# GOAL OF THE EXERCISE:
Leaving out the pictures, write out exactly each line from the line with "Kate L. Turabian" through the close of the listing below.

# RECORDS PROVIDED:
########################################

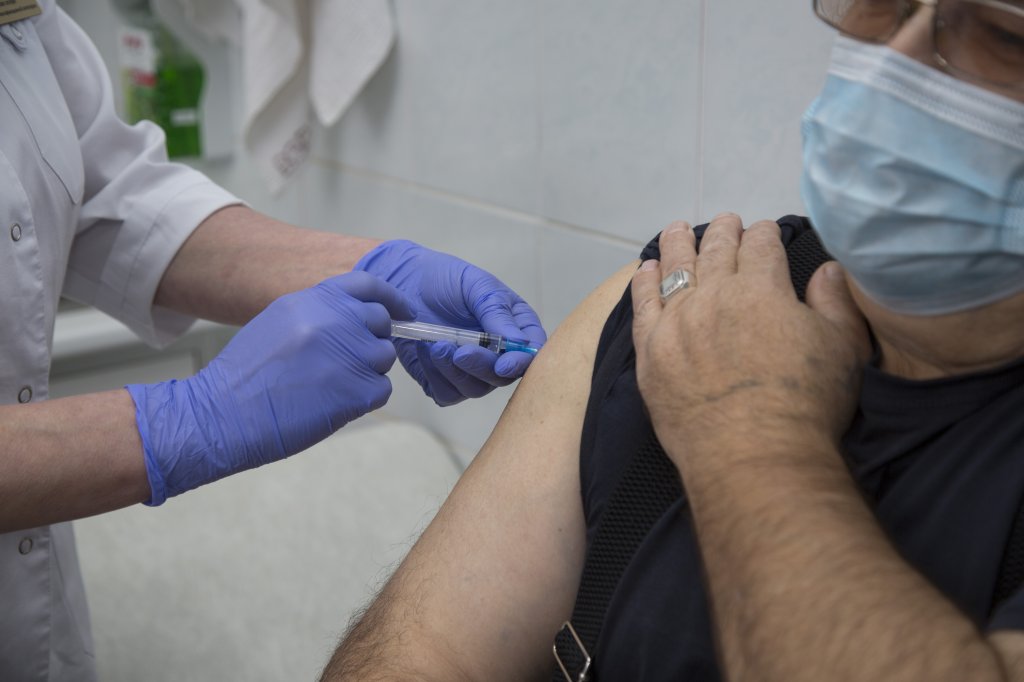Ямал вошёл в число регионов-лидеров по уровню COVID-вакцинации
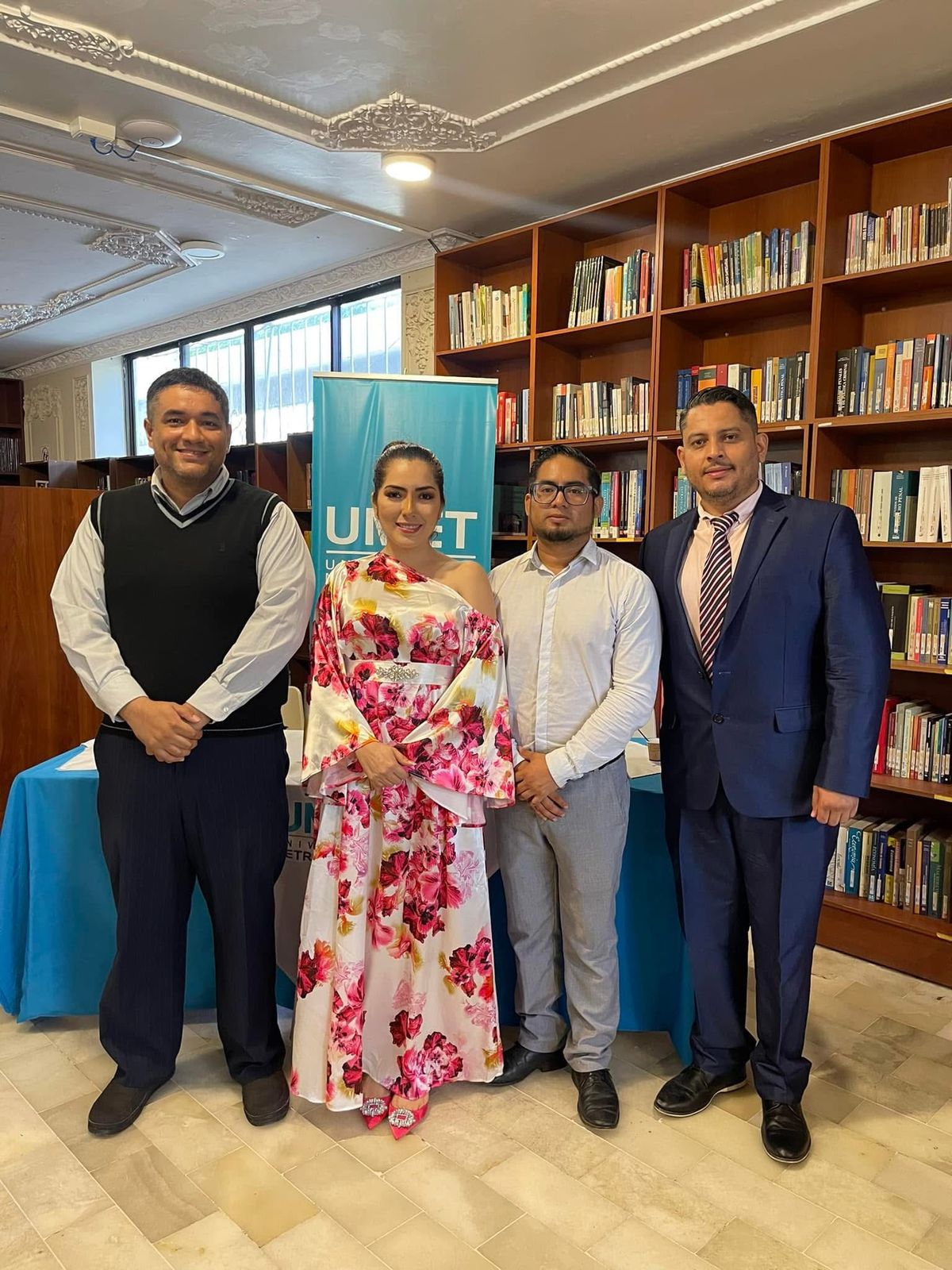 universidad-metropolitana-del-ecuador-01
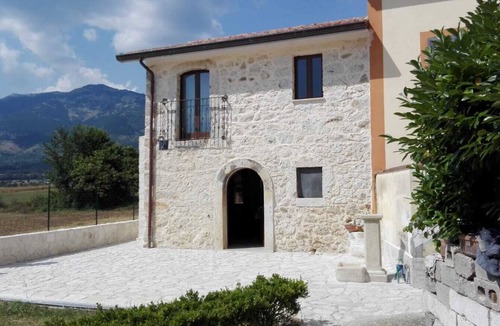 Alvito House | Small Alvitano shelter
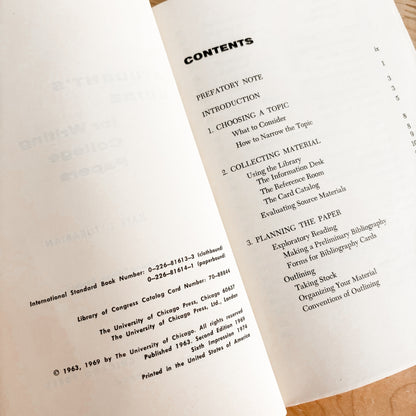 Kate L. Turabian - Student's Guide for Writing College Papers (2nd ed. 1974)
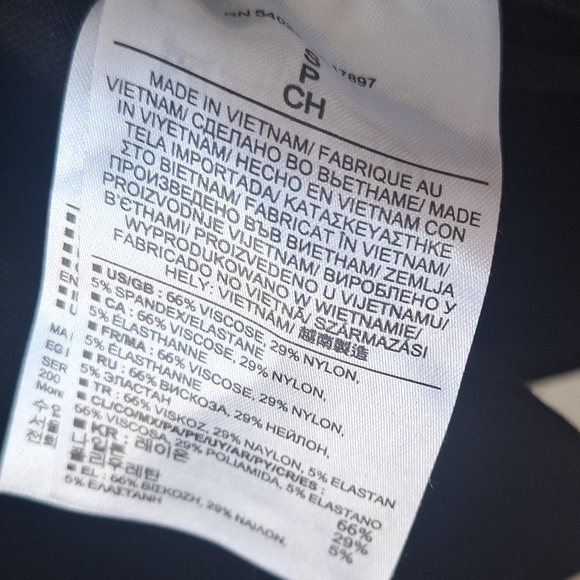 Banana Republic Black Sleeveless 3/4 Zip Back Women's Top Size S - Picture 9 of 9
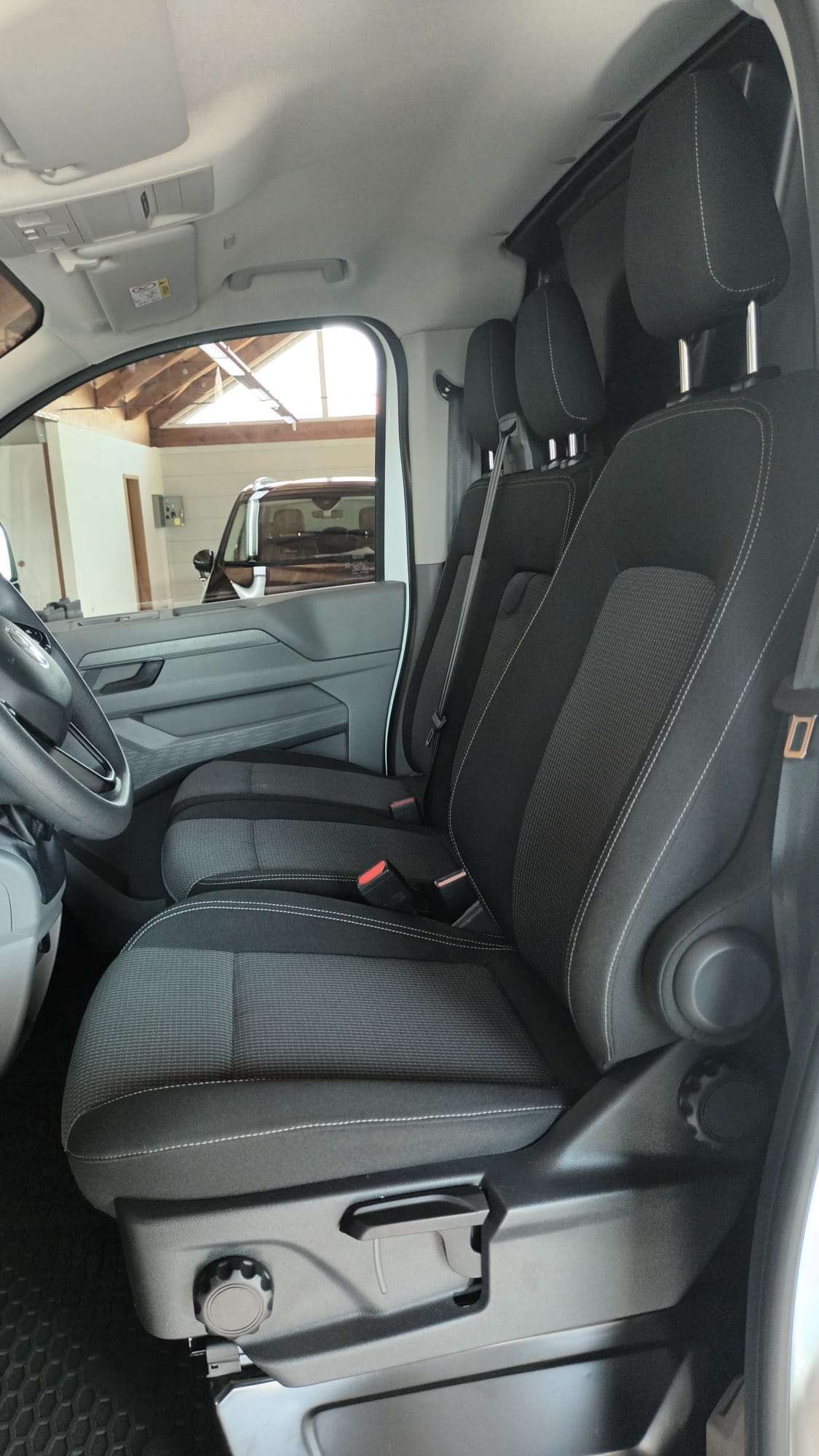 VW Transporter 2.0 TDI Lang-image-11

########################################

# ANSWER SPACE:
 Kate L. Turabian - Student's Guide for Writing College Papers (2nd ed. 1974)
 Banana Republic Black Sleeveless 3/4 Zip Back Women's Top Size S - Picture 9 of 9
 VW Transporter 2.0 TDI Lang-image-11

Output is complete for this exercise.